The Boston Marathon: it was the first time I ever bonked in a marathon. It was the first time I ever seriously considered dropping. It was the first time I ever cried tears of disappointment after a race. It was a humbling reminder that I won’t hit my goal every time. But I still tried. In complete shit weather with a revolting stomach, I went for it when others decided to back off. And I am proud of that. It took a whole May full of mojo-less, confidence-lacking running to sort it all out, but the end result was a burning desire to work even harder and dig deeper for the next one. My tough races, and there were plenty of them, taught me I have grit. I don’t give up when shit hits the fan. I can literally puke all over the side of the trail and keep going. And life goes on when I don’t do as well as I want. In fact, nobody really cares! I had to make running fun again and stop basing my worth on an arbitrary time goal. Which brings me to my next lesson…
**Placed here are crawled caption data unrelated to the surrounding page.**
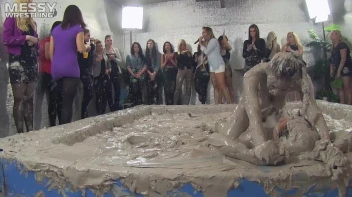 Muddy Wrestling: Satin, Skirts, and Audience Mud Blasted To The Max!  Everyone Gets A Taste! Screencap 71 on sinx.preview.netperv.com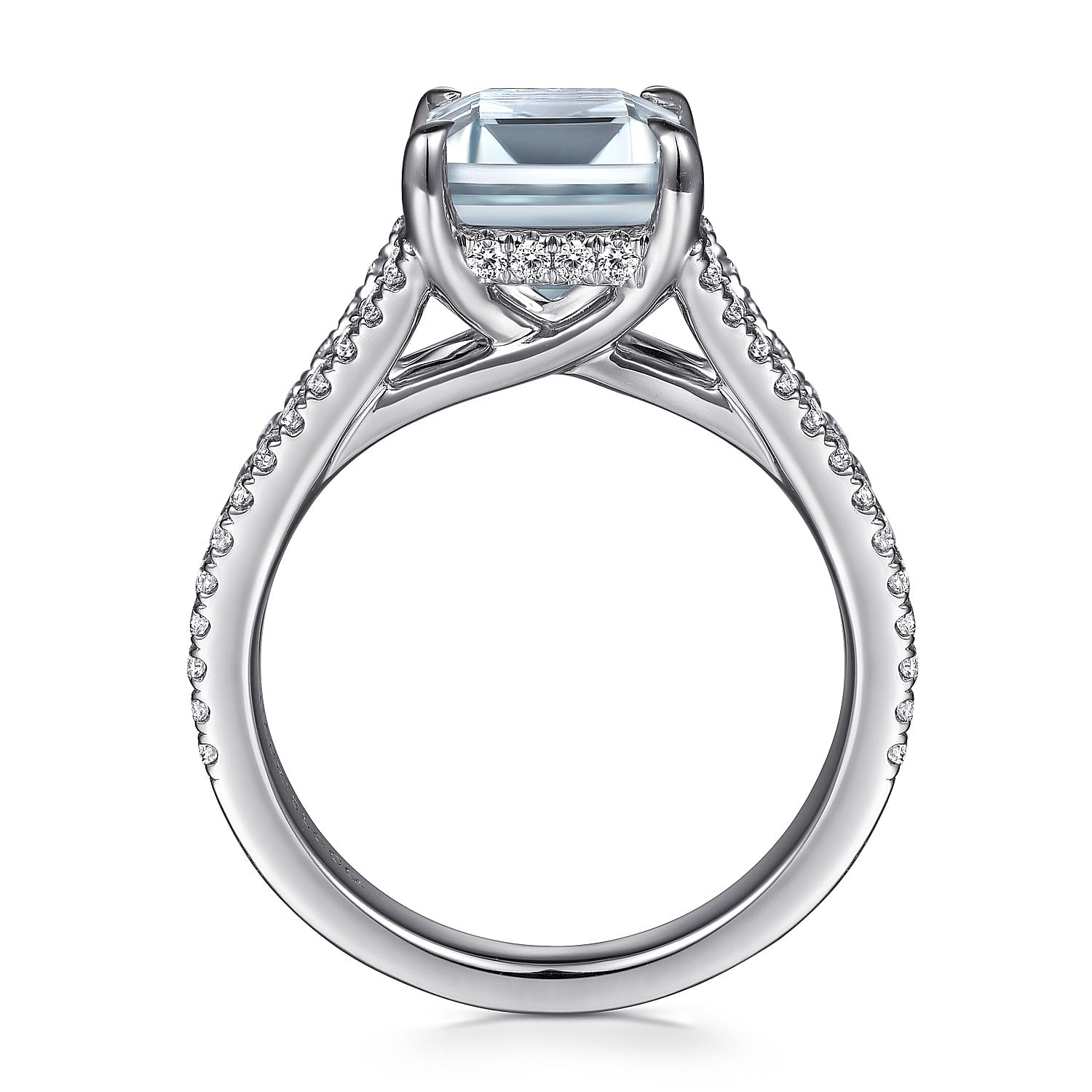 14K White Gold Split Shank Emerald Cut Aquamarine and Diamond Engagement Ring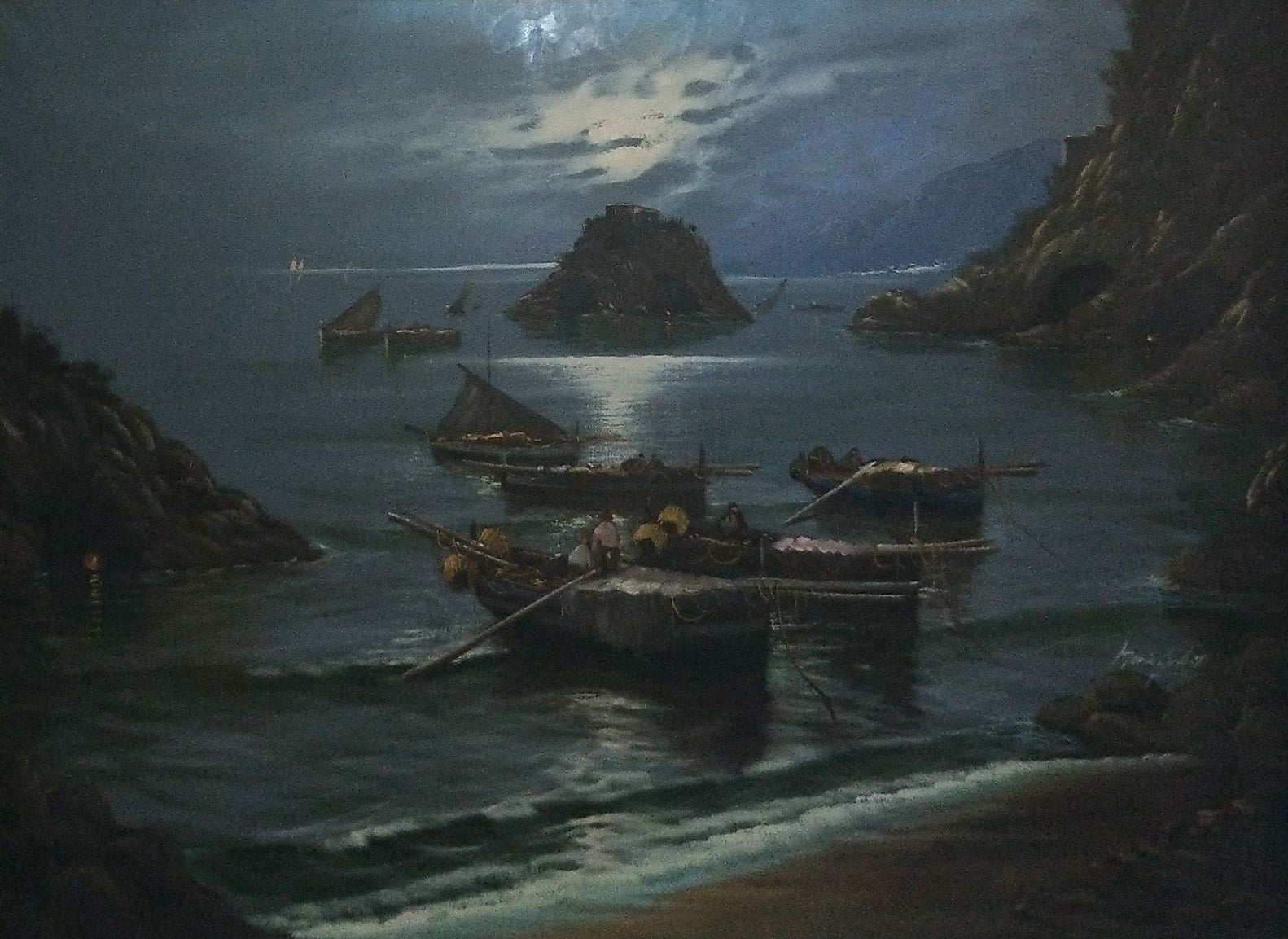 Mario Galanti - Untitled (Boats with Fishermen at Sunset)
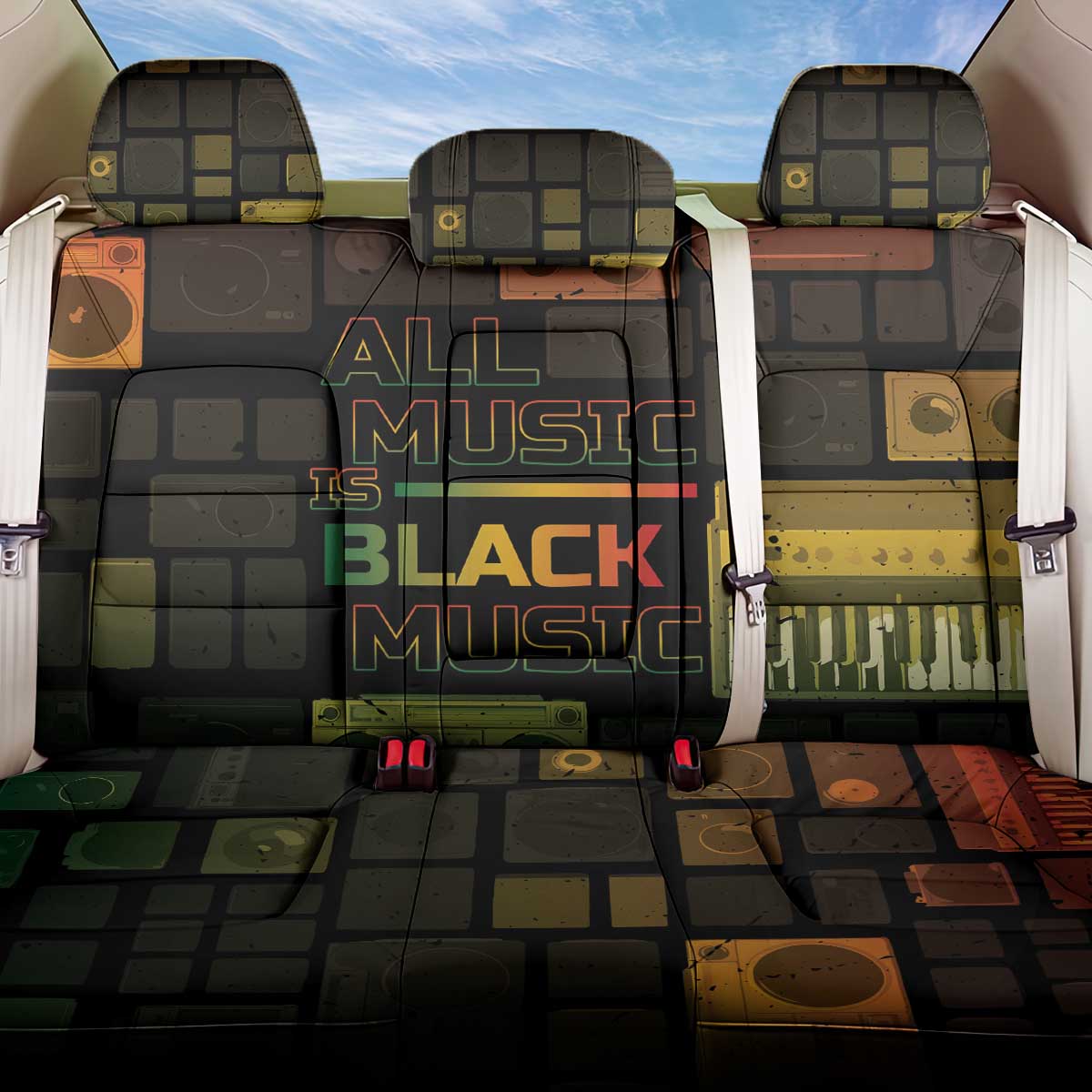 Black Music Month Back Car Seat Cover All Music Is Black Music - Wonder Print Shop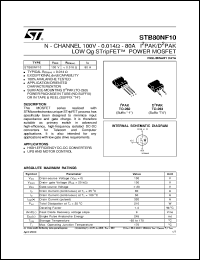 STB80NF10 datasheet: N-CHANNEL 100V - 0.014 OHM - 80A TO-262/TO-263 LOW GATE CHARGE STRIPFET POWER MOSFET STB80NF10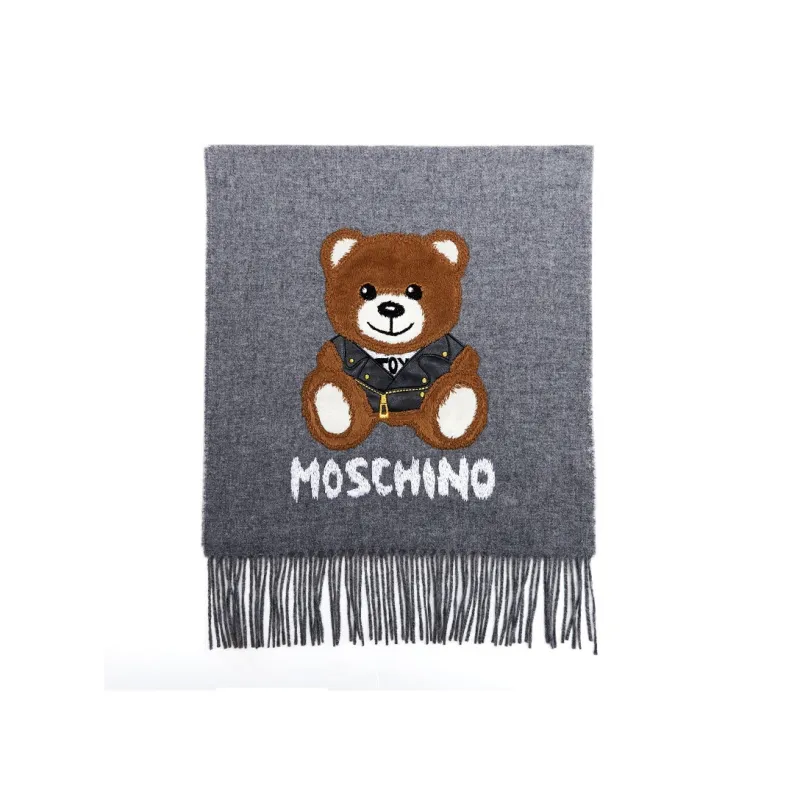 MOSCHINO Knit Scarves Unisex Light Gray-1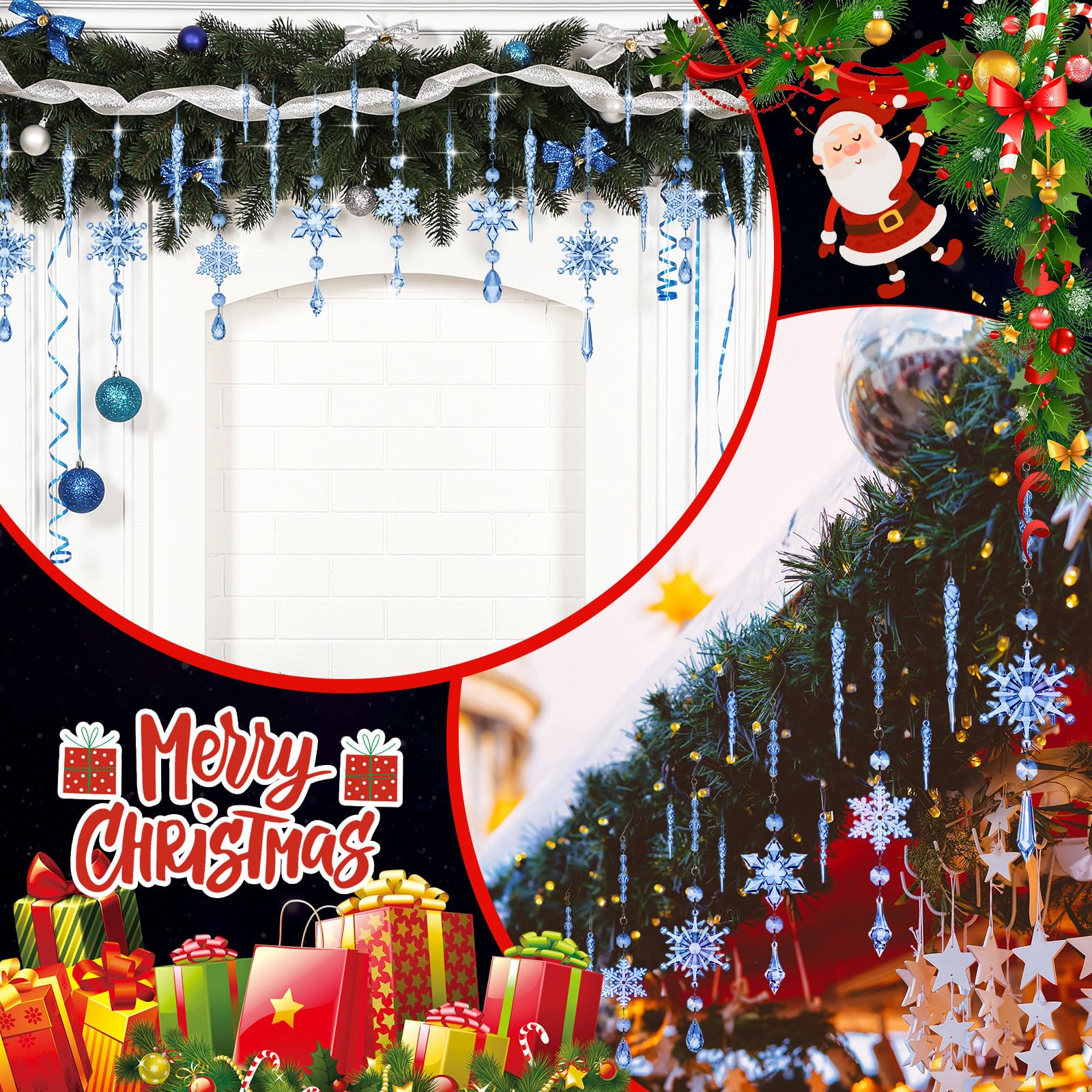 Giegxin Lot de 32 décorations de Noël en cristal à suspendre en acrylique avec crochets pour sapin de Noël (bleu foncé)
3. It’s the process, not the end result, that really matters.
When I focused too much on one singular outcome, anything less seemed like a failure. But in reality, I successfully built my strength and speed over four solid months of consistent training. The training never stops, but there is always another race. After Boston I had to find a way to remind myself that running was still fun, and I found it on the trails. I let go of paces and times and the internal pressure on myself to perform to a certain standard. It was liberating. I got to pace friends in their ultras and explore new trails and experience sunrises on a mountainside. All without worrying about the outcome of my next race.
4. Work smarter, not harder.
This applies to my work life and running life. Last year I worked a lot trying to build my business: two gym locations, spin classes, online clients, continuing education. The hustle is necessary sometimes, but work/life balance is insanely important. I was on the fast track towards burnout, missing runs and meals and starting to dislike my job. No bueno. And with my training I ran more miles and harder workouts, because there’s generally a direct correlation: work harder = get faster. Or get injured. I got both. So I hired coaches, for both work and running. Now I have a fantastic work schedule that I dictate and a great training plan that has kept me injury-free and PRing for another year. Jack Daniels, one of the greatest running coaches in the world, says that you should find a way to get the maximum possible benefit from the minimum amount of work. Done and done.
5. I run for me.
I’m embarrassed to admit this, but I had (well, still have) dreams of becoming a sponsored runner. I love running. Eating, breathing, and sleeping all geared towards improving my speed. But 2015 was the year that I was thoroughly humbled. I saw talented local runners get the thing that I want. They won big races and got rewarded. Inside I felt pangs of jealousy. I wanted to be recognized as an influential runner. And let’s be real, I wanted free gear. But eventually it dawned on me: who cares? Seriously. Watching my clients and friends run their first ultra and their fastest 10k post-baby, THAT is what inspires me. Not the people breaking course records. These are the mid-packers that work their butts off for themselves, not for the notoriety. And I lost sight of that in myself. I run because I WANT to and because I can. So 2016 is the year I stay grateful. I run for the satisfaction, the friends, the redwoods, the finish line high fives, the post-long run nap. I run because there’s no other way I’d want to spend an hour or two every day.
And with that, here are my 2016 goals and resolutions:
Run my easy runs easier. I will be wearing a HR monitor for a month or two to ensure my easy runs stay under 155 bpm. I must let the Strava ego go.
Run 3,000 miles for the year. I was 150 miles short in 2015.
Train my dog to run 10+ miles with me on the trails. He is already up to 6! He will also be trained to carry my water and his poop in his fancy new backpack.
Get more social. Organize group runs, reach out to running buddies, have more post-run coffee and brunch dates.
Stay consistent with my training journal. I got lazy! Keeping a training log will help me keep track of what works and what doesn’t.
If we are brave enough often enough, we will fall; this is the physics of vulnerability.